Doch auch bei Genossenschaften gibt es Baustellen. Dazu gehört die »Spardosenmentalität«: Es wird auf die Bestandsmitglieder geschaut und wenig in den Neubau investiert. Auch erfolgt die Vergabe von frei werdenden Wohnungen häufig an Verwandte von Genossenschaftsmitgliedern. Vorstände, die nicht selten aus der Privatwirtschaft kommen, haben auch in Genossenschaften oft freies Spiel. Auf der jährlichen Hauptversammlung wird abgenickt. »Buffets ersetzen die Mitbestimmung«, hat Ralf Hoffrogge das einmal genannt.

Die von Deutsche Wohnen & Co enteignen vorgeschlagene AöR soll vieles anders machen. Investitionen in die energetische Modernisierung sollen aus Gesamteinnahmen und nicht von den einzelnen Mietparteien bezahlt werden. Vergeben werden sollen die Wohnungen nach einem Losverfahren mit besonderer Berücksichtigung von Härtefällen. Wie hoch am Ende die Miete ausfällt, hängt aber wohl letztlich auch von der Entschädigungshöhe für die vergesellschafteten Wohnungsbestände ab.
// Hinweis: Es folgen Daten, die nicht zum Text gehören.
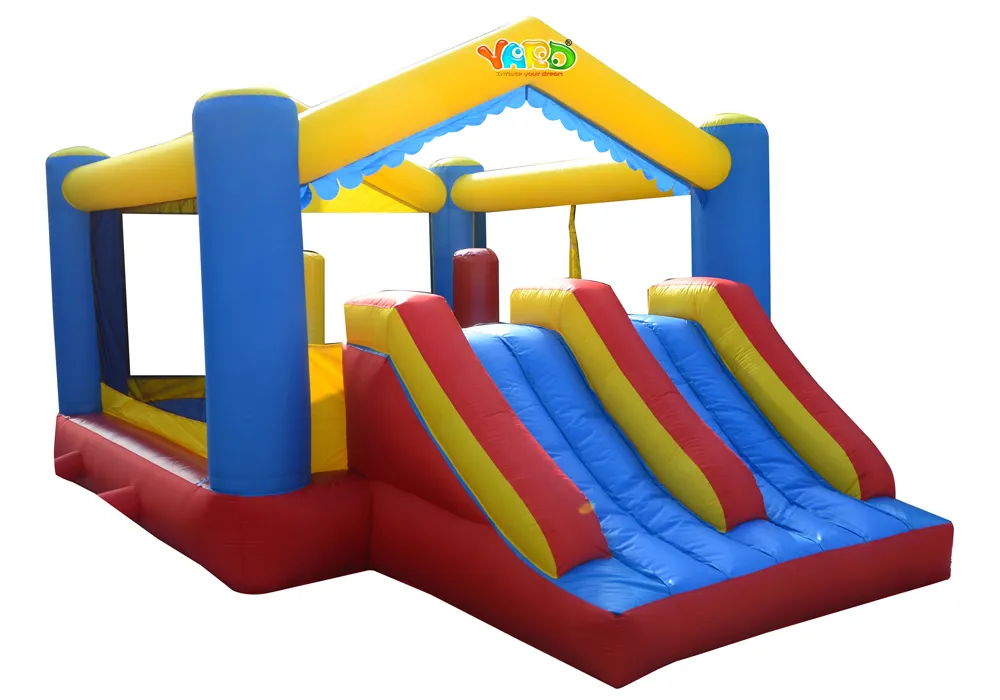 Yard Dual Slide Bounce House Gonflable Bouncer Bouncer Combo Jumper Moonwalk Bouncy Château Résidentiel Utilisez les jouets de trampoline avec ventilateur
Die Bewirtschaftung von Wohnungen selbst koste vergleichsweise wenig, sagt Stadtforscher Bernet, der auch Vorstand einer Leipziger Wohngenossenschaft ist. Die Kosten für Instandhaltung, Verwaltung, aber auch für Modernisierungen oder bei Mietausfällen: Das alles sei gering im Vergleich zu dem, was aufgebracht werden müsse, wenn Häuser und Boden mittels Kredit gekauft und dieser inklusive Zinsen getilgt werden muss. »Gewinnorientiertes Handeln mit Boden und Bestandsgebäuden ist das wesentliche Hindernis für bezahlbare Mieten.« Denn durch den immer wieder stattfindenden Weiterverkauf müsse eben auch jedesmal aufs Neue ein Schuldendienst geleistet werden, erklärte Bernet den Mitgliedern der Expertenkommission. Nun würde die Entschädigung für die Vergesellschaftung nicht zum Verkehrswert erfolgen – sofern die Kommission diese für möglich hält und sich eine politische Mehrheit findet. Geschenkt gibt es eine Viertelmillion Wohnungen aber auch nicht.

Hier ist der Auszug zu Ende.